Misplaced Legion (Videssos Cycle) (38 page)

Even Scaurus had heard good things about Vaspurakaner horseflesh, and he had the traditional Roman attitude toward the equestrian art—that it was a fine skill, for other people. He was intellectually aware that the use of stirrups made horsemanship a very different thing from the one he knew, but still found it hard to take the idea seriously.

Apokavkos proceeded to surprise him, for he spoke of the Vaspurakaners themselves, not with suspicion, but with genuine and obvious respect. “It’s said three ‘princes’ working together could sell ice to Skotos, and I believe it, for work together they would.

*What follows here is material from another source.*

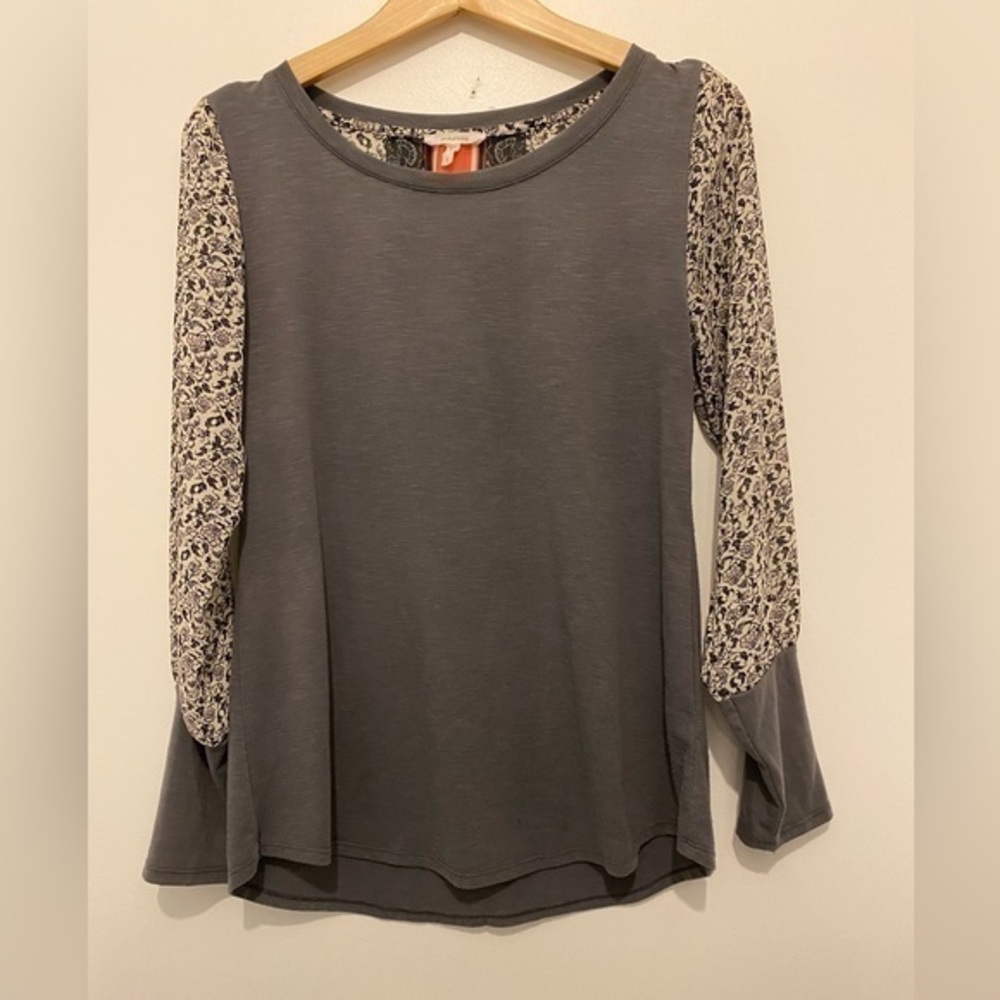 Maurices Small Gray top with super cute designs long sleeve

I don’t know where they learned it, unless being stuck between countries bigger’n they are taught it to them, but they take care of their own, always. They’ll fight among themselves, aye, but let an outsider meddle in their affairs and they’re tight as trap jaws against him.”

To Marcus that seemed such plain good sense as hardly to be worth comment, but Phostis Apokavkos’ voice was full of wistful admiration. “You—
we
, I mean—Romans are like that too, but there’s plenty of Videssians who’d hire on Skotos himself, if it meant paying their enemies back one.”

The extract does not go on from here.